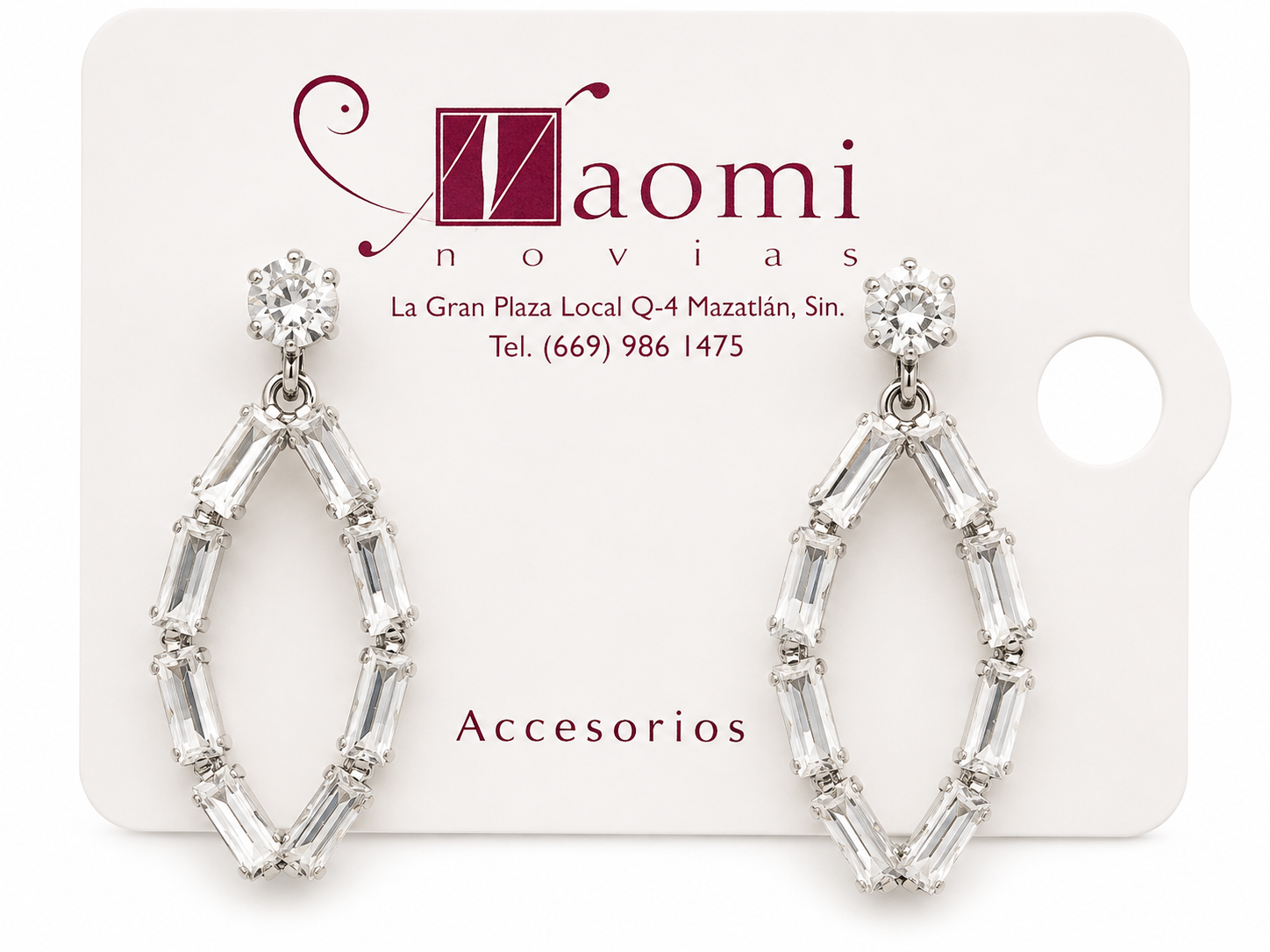 Pendientes de cristal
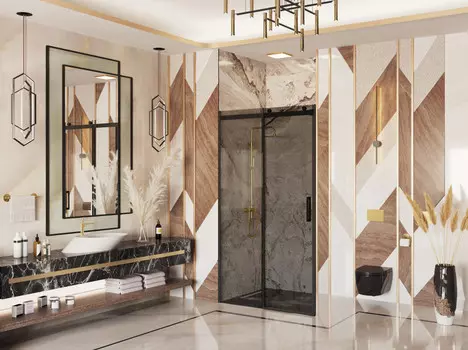 Душевая дверь 140 см Ambassador Benefit 19022203HBB тонированное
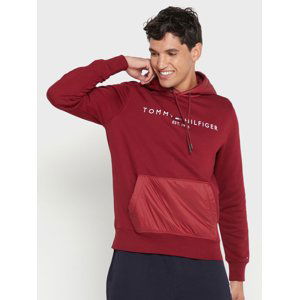 Tommy Hilfiger pánská vínová mikina - M (XJS)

(Exercise brief): All of the material above should be reproduced exactly, except the pictures.

(Solution to this exercise):
 Pendientes de cristal
 Душевая дверь 140 см Ambassador Benefit 19022203HBB тонированное
 Tommy Hilfiger pánská vínová mikina - M (XJS)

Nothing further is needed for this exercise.